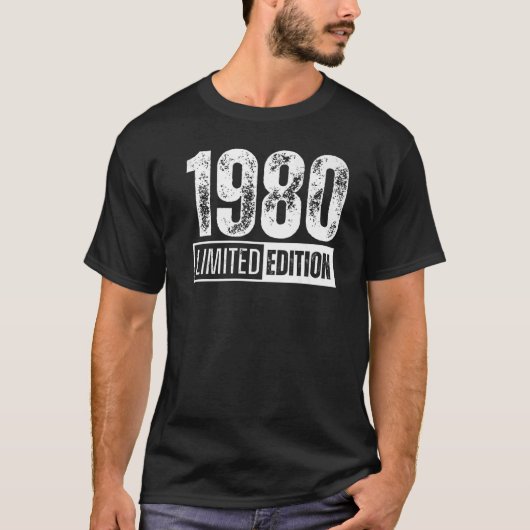 1980生まれ年 Tシャツ (正面)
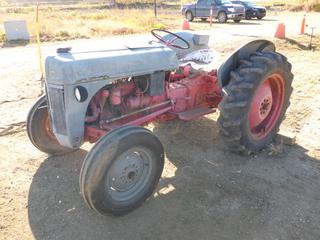 1948 Ford 8N 2WD Tractor c/w 4 Cyl, 23 HP, 4 Speed, 540 PTO, 3 Pt. Hitch, Coolant Heater, 12.4-28 Tires, SN 93915 *Note: Running Two Years Ago, May Need New Gas and Minor Work As Per Consignor* (PL0784)
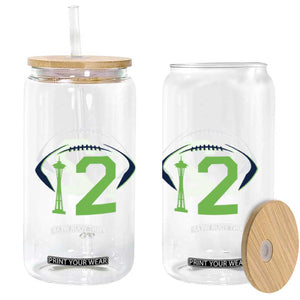 Space Needle Emerald City Number 12 Glass Can Sports Fan Pride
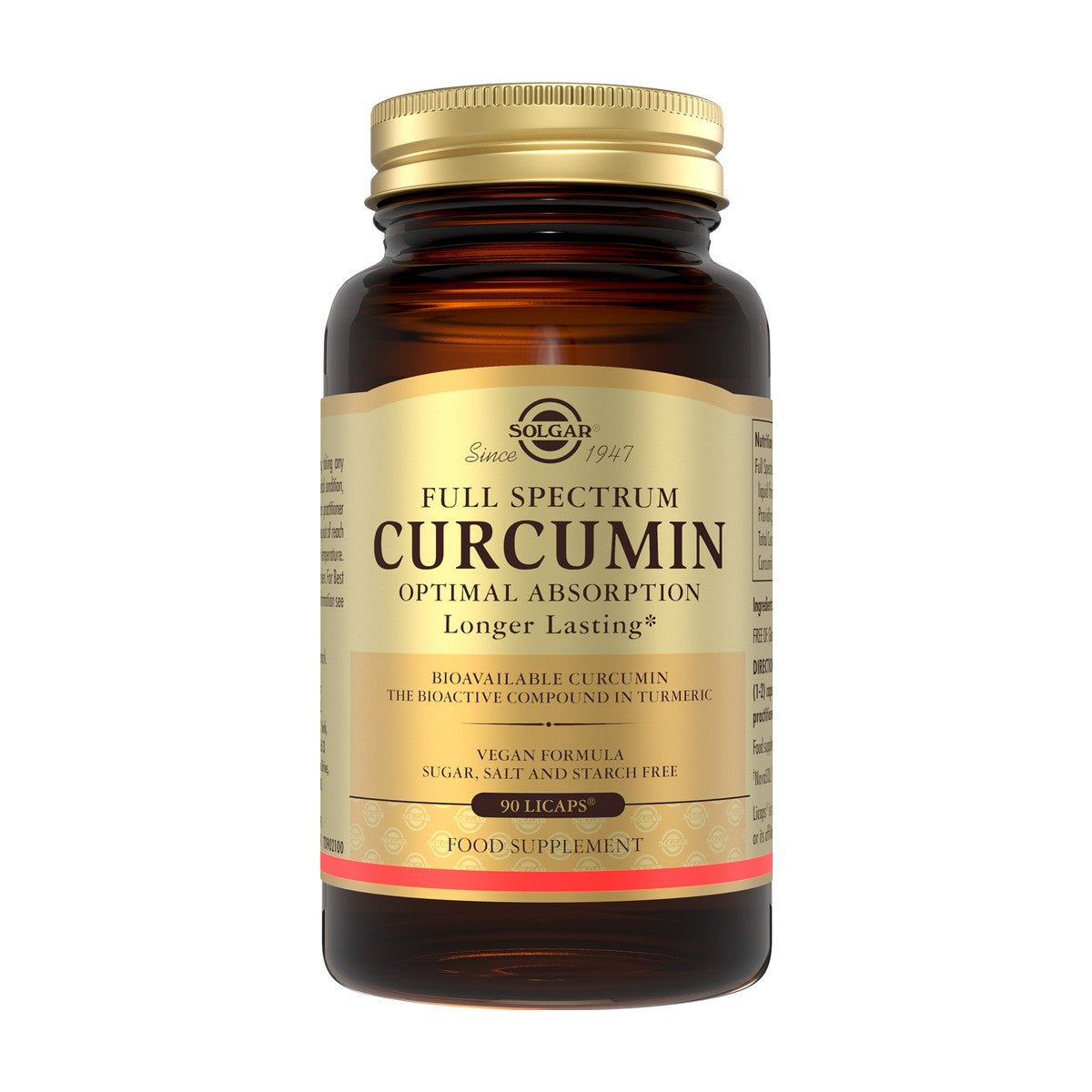 Solgar Full Spectrum Curcumin (90 softgels) pack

WHAT YOU HAVE TO DO: From the line that contains "1948 Ford 8N" to the final line of the material, write out each line exactly. Pictures stay out.

ANSWER TO THIS PROBLEM:
 1948 Ford 8N 2WD Tractor c/w 4 Cyl, 23 HP, 4 Speed, 540 PTO, 3 Pt. Hitch, Coolant Heater, 12.4-28 Tires, SN 93915 *Note: Running Two Years Ago, May Need New Gas and Minor Work As Per Consignor* (PL0784)
 Space Needle Emerald City Number 12 Glass Can Sports Fan Pride
 Solgar Full Spectrum Curcumin (90 softgels) pack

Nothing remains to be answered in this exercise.